TASK —
Copy the listing verbatim, excluding any images found in it.

INPUT MATERIAL below:

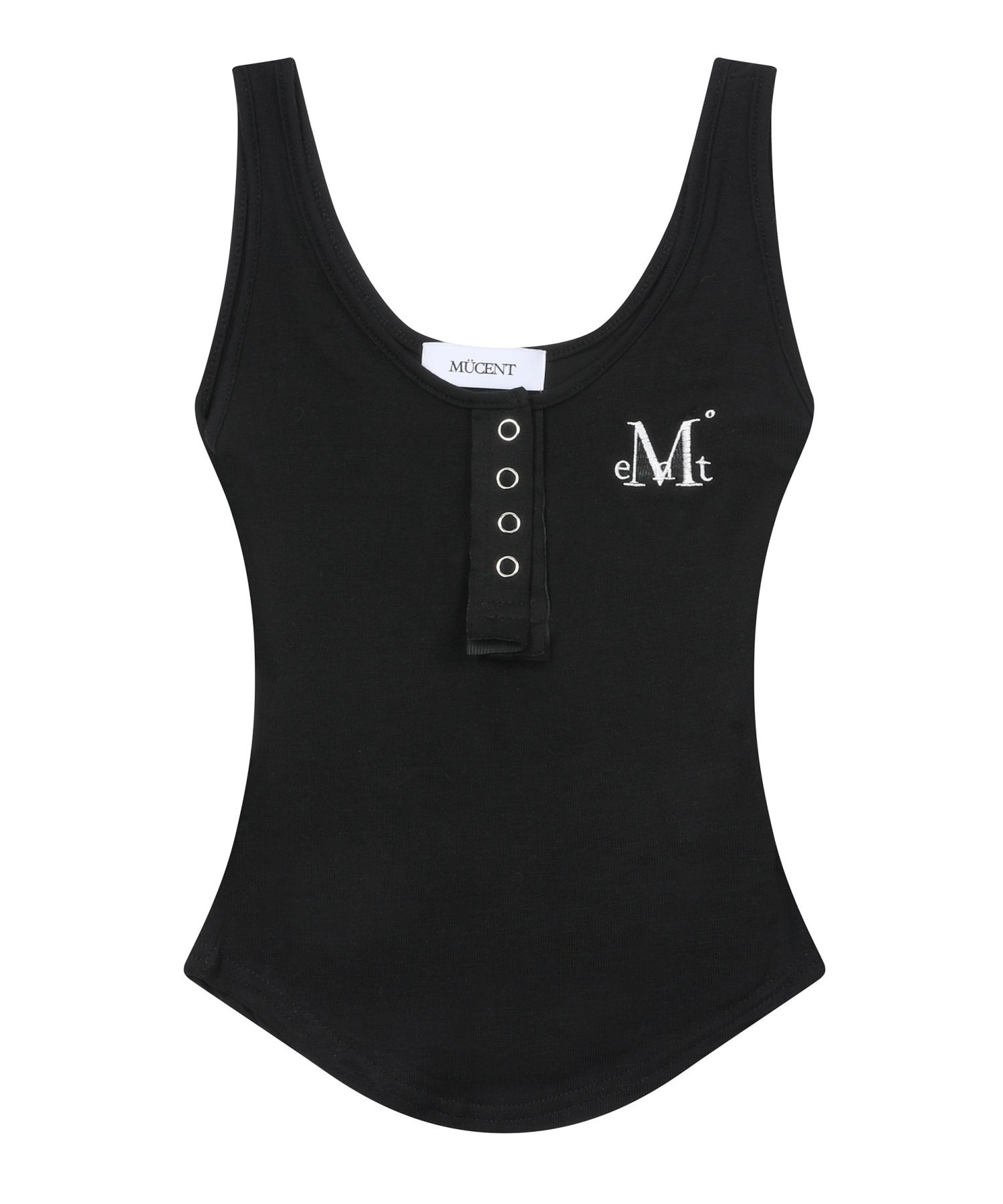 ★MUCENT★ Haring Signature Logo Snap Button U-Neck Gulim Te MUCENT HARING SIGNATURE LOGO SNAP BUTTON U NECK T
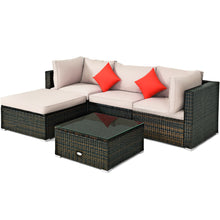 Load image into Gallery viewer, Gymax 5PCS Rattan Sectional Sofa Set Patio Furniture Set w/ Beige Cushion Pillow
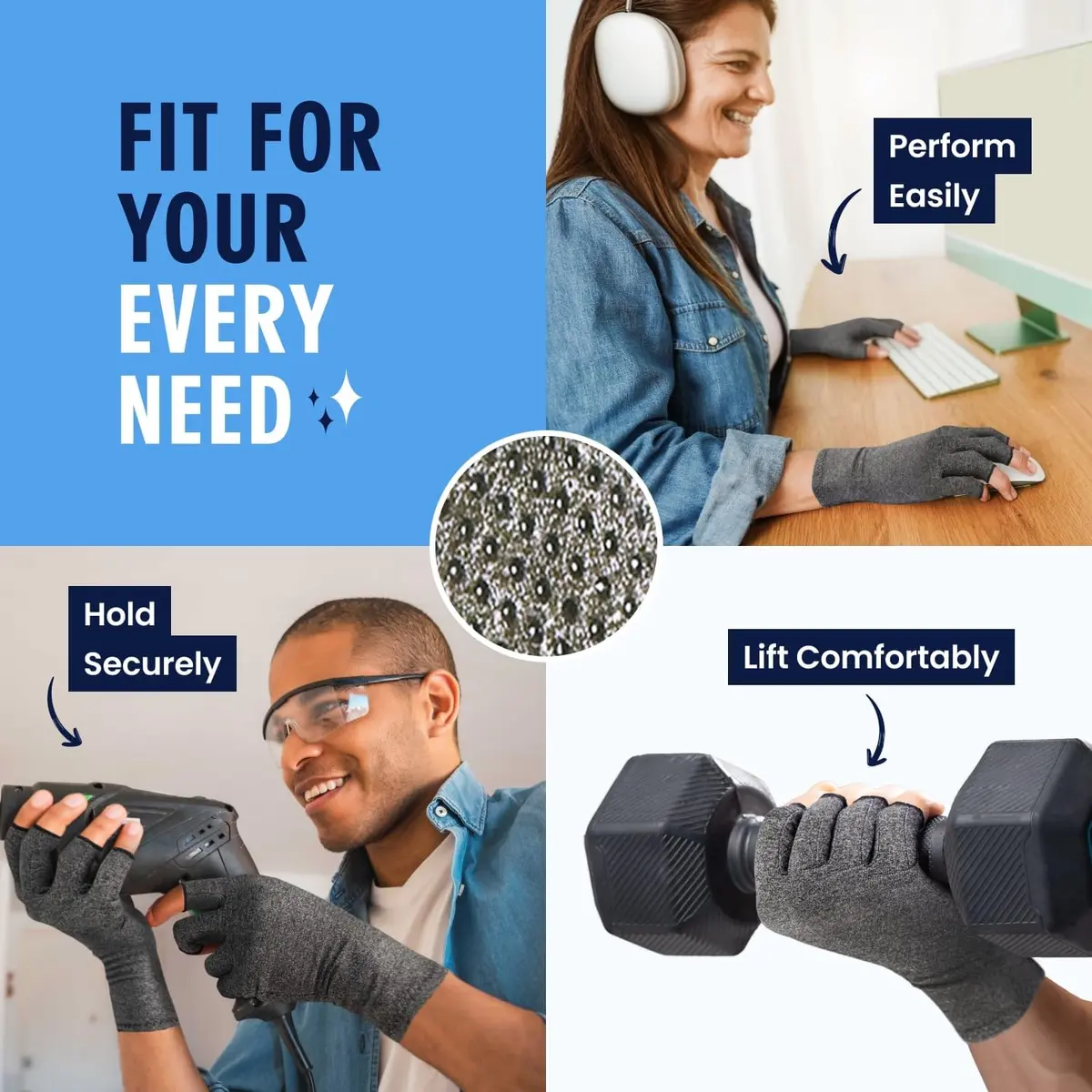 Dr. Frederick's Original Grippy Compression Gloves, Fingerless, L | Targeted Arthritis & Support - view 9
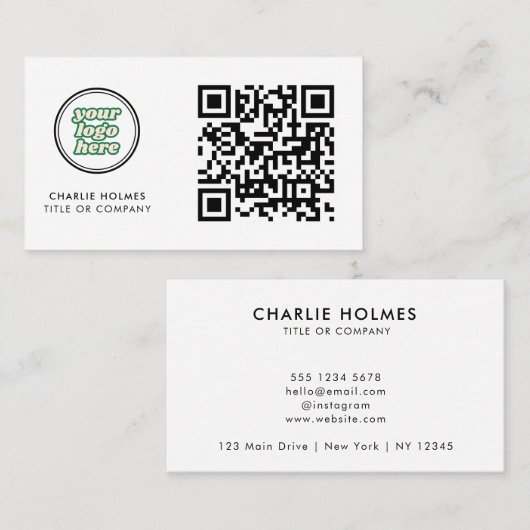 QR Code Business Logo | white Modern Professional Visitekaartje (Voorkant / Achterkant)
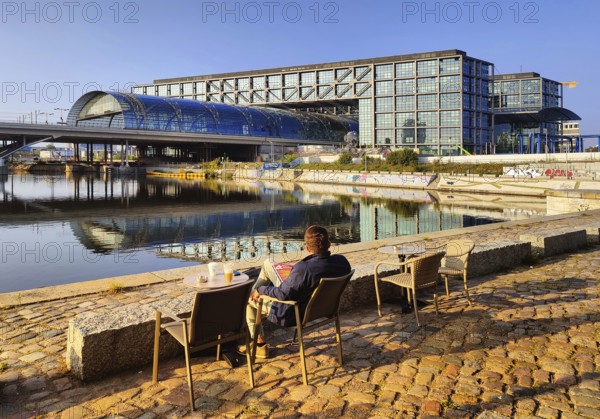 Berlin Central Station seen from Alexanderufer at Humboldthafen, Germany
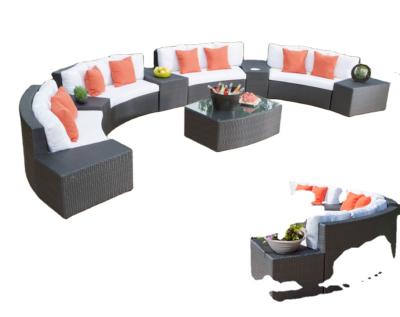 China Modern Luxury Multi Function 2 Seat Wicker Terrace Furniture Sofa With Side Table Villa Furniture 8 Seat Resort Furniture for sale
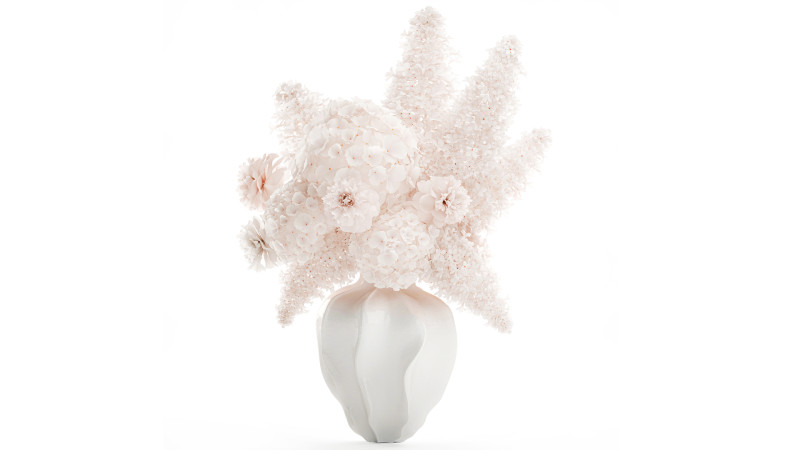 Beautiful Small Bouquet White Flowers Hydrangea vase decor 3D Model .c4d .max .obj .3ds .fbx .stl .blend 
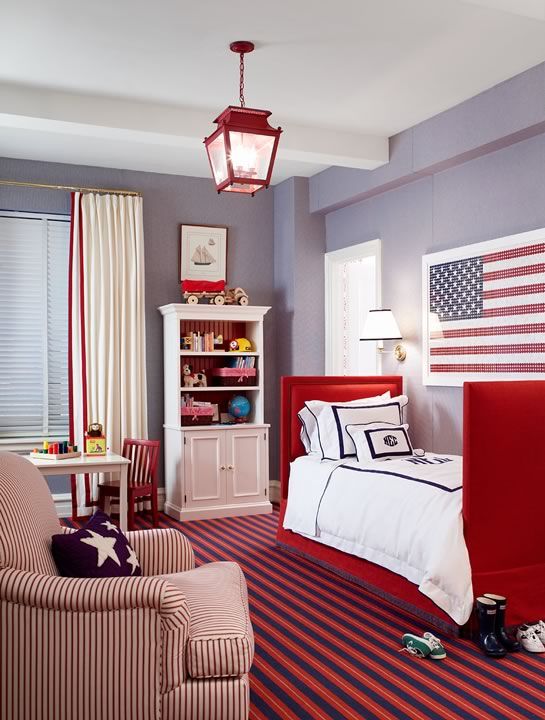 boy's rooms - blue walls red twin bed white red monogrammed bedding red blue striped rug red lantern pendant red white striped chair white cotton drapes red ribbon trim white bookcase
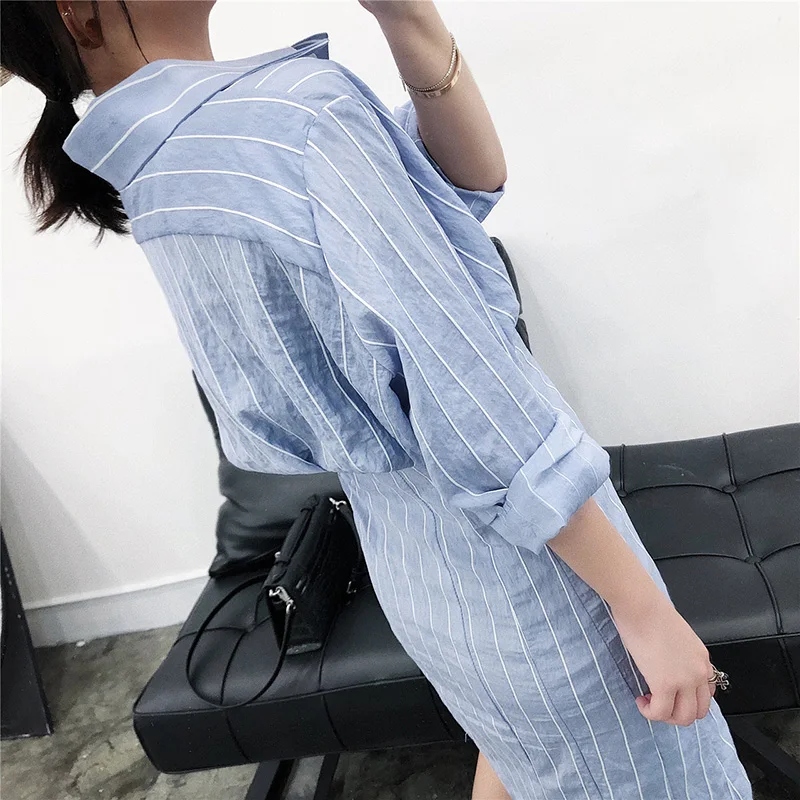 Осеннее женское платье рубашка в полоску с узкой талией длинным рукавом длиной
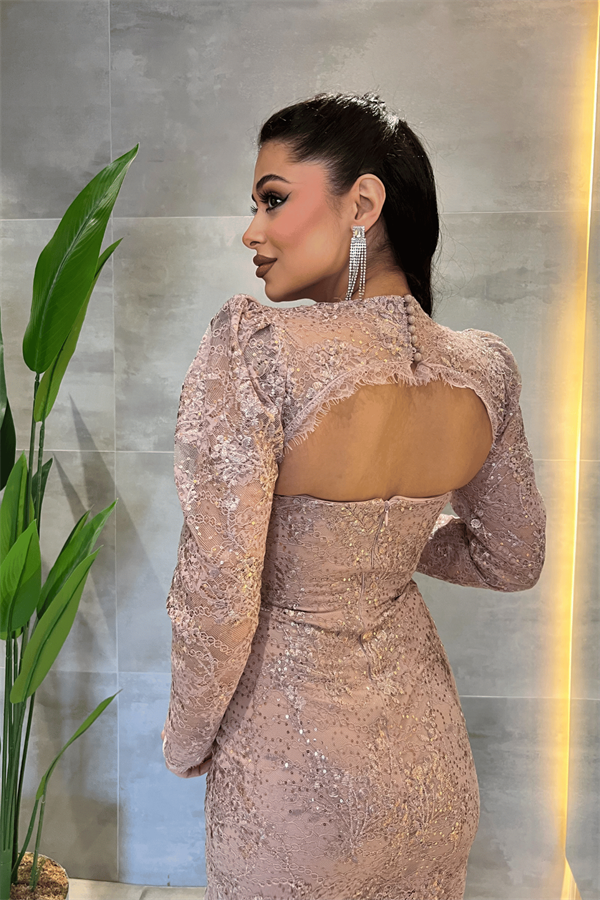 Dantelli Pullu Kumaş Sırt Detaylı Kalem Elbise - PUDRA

End of INPUT MATERIAL.

EXERCISE ANSWER —
 ★MUCENT★ Haring Signature Logo Snap Button U-Neck Gulim Te MUCENT HARING SIGNATURE LOGO SNAP BUTTON U NECK T
 Load image into Gallery viewer, Gymax 5PCS Rattan Sectional Sofa Set Patio Furniture Set w/ Beige Cushion Pillow
 Dr. Frederick's Original Grippy Compression Gloves, Fingerless, L | Targeted Arthritis & Support - view 9
 QR Code Business Logo | white Modern Professional Visitekaartje (Voorkant / Achterkant)
 Berlin Central Station seen from Alexanderufer at Humboldthafen, Germany
 China Modern Luxury Multi Function 2 Seat Wicker Terrace Furniture Sofa With Side Table Villa Furniture 8 Seat Resort Furniture for sale
 Beautiful Small Bouquet White Flowers Hydrangea vase decor 3D Model .c4d .max .obj .3ds .fbx .stl .blend 
 boy's rooms - blue walls red twin bed white red monogrammed bedding red blue striped rug red lantern pendant red white striped chair white cotton drapes red ribbon trim white bookcase
 Осеннее женское платье рубашка в полоску с узкой талией длинным рукавом длиной
 Dantelli Pullu Kumaş Sırt Detaylı Kalem Elbise - PUDRA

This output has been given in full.